ACTION ITEM →
Nothing outside the range is to be copied. From the entries below, reproduce exactly the lines starting at the one with "cm 2 Portarrollos" and ending at the one with "Sac fourre-tout Abstrait (Devant)", without pictures.

PROVIDED RECORDS →
----

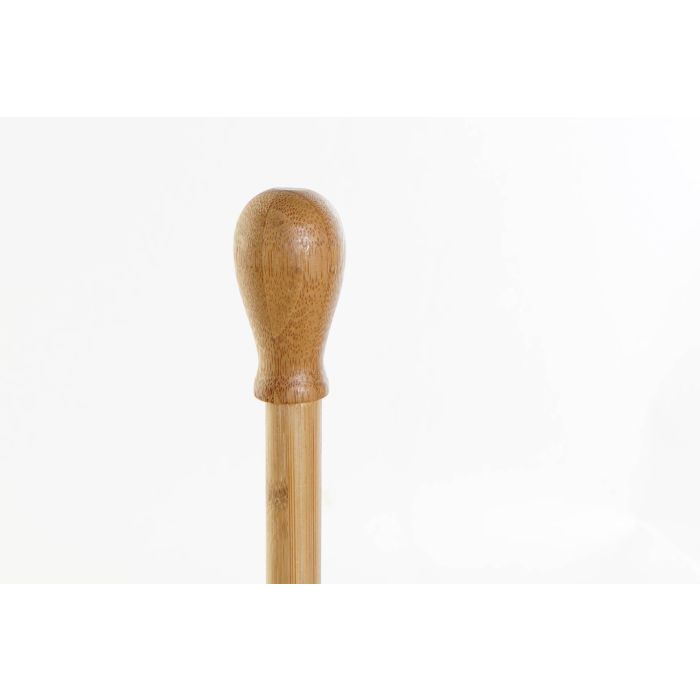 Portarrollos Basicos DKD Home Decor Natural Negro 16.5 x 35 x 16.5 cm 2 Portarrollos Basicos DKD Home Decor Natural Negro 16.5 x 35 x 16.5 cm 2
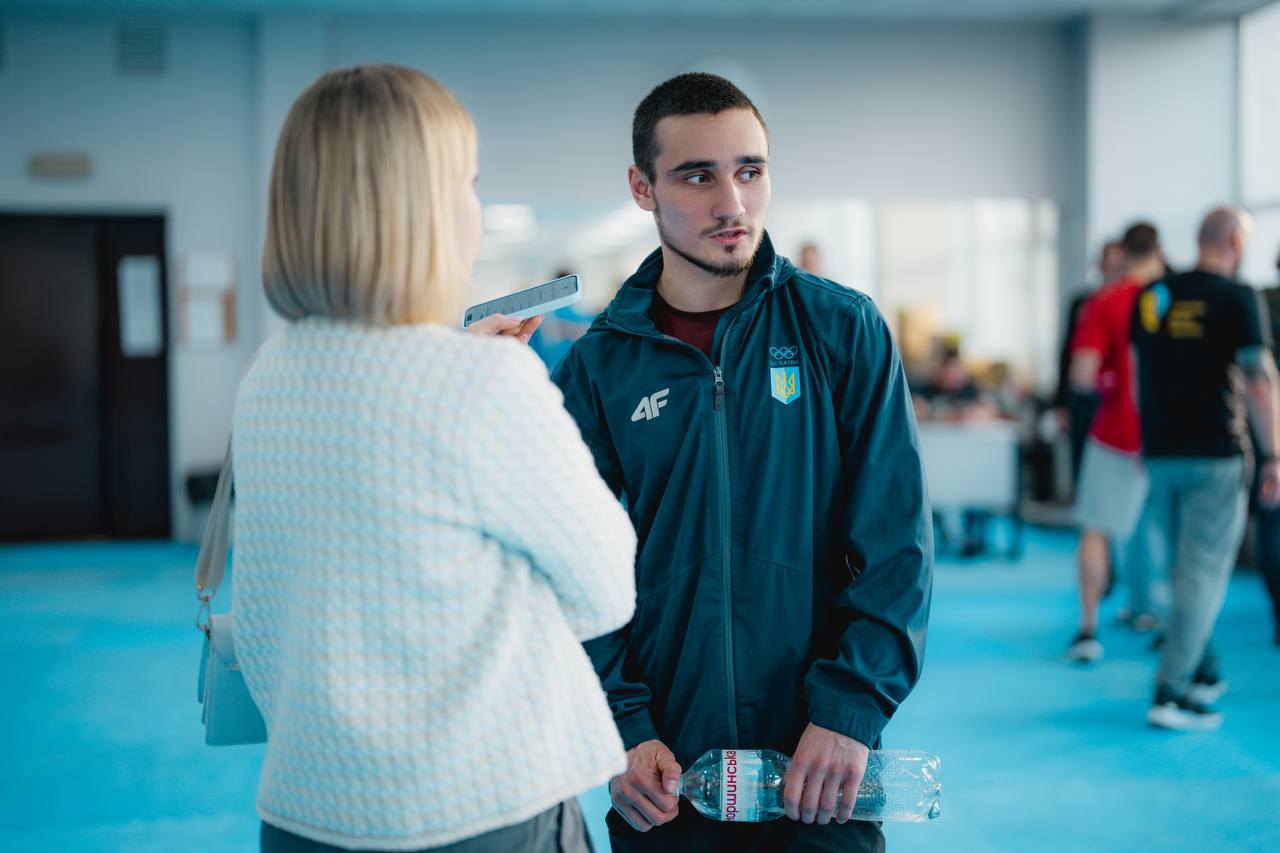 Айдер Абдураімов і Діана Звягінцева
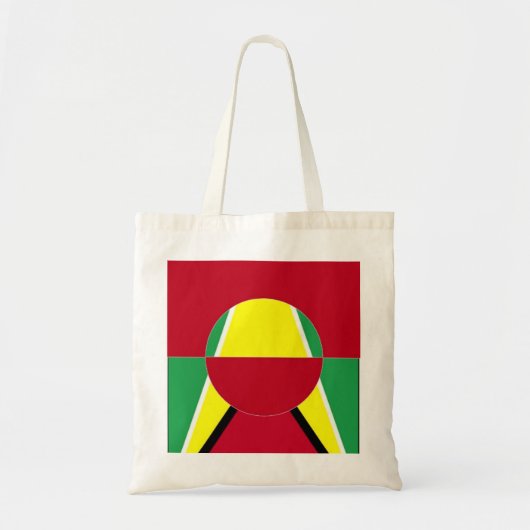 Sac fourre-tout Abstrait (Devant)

----

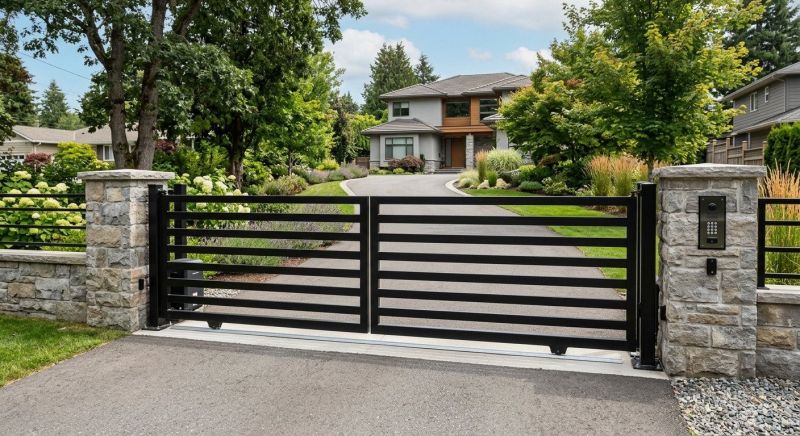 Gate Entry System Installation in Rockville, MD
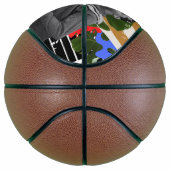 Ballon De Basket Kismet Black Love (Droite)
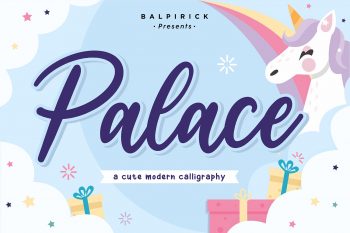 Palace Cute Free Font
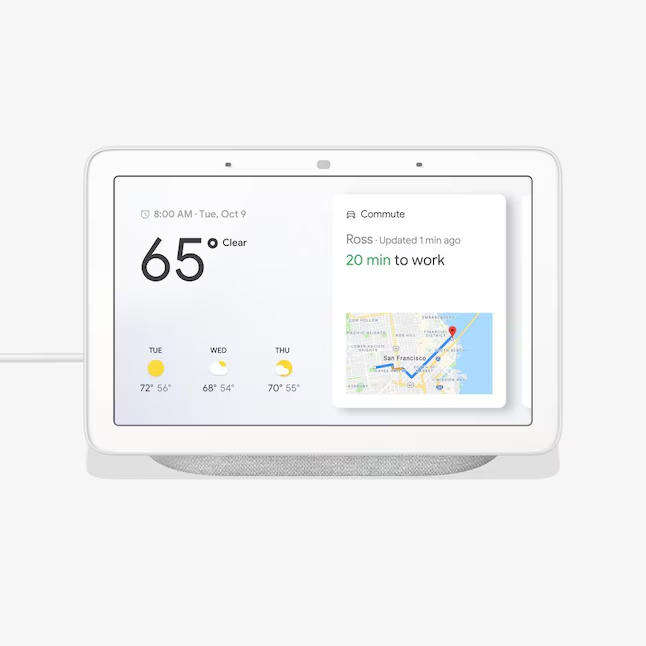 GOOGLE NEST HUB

----

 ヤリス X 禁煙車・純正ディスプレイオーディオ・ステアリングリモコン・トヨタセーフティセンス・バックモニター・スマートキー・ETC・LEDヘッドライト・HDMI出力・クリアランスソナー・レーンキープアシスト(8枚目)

----

EXERCISE OUTPUT →
 Portarrollos Basicos DKD Home Decor Natural Negro 16.5 x 35 x 16.5 cm 2 Portarrollos Basicos DKD Home Decor Natural Negro 16.5 x 35 x 16.5 cm 2
 Айдер Абдураімов і Діана Звягінцева
 Sac fourre-tout Abstrait (Devant)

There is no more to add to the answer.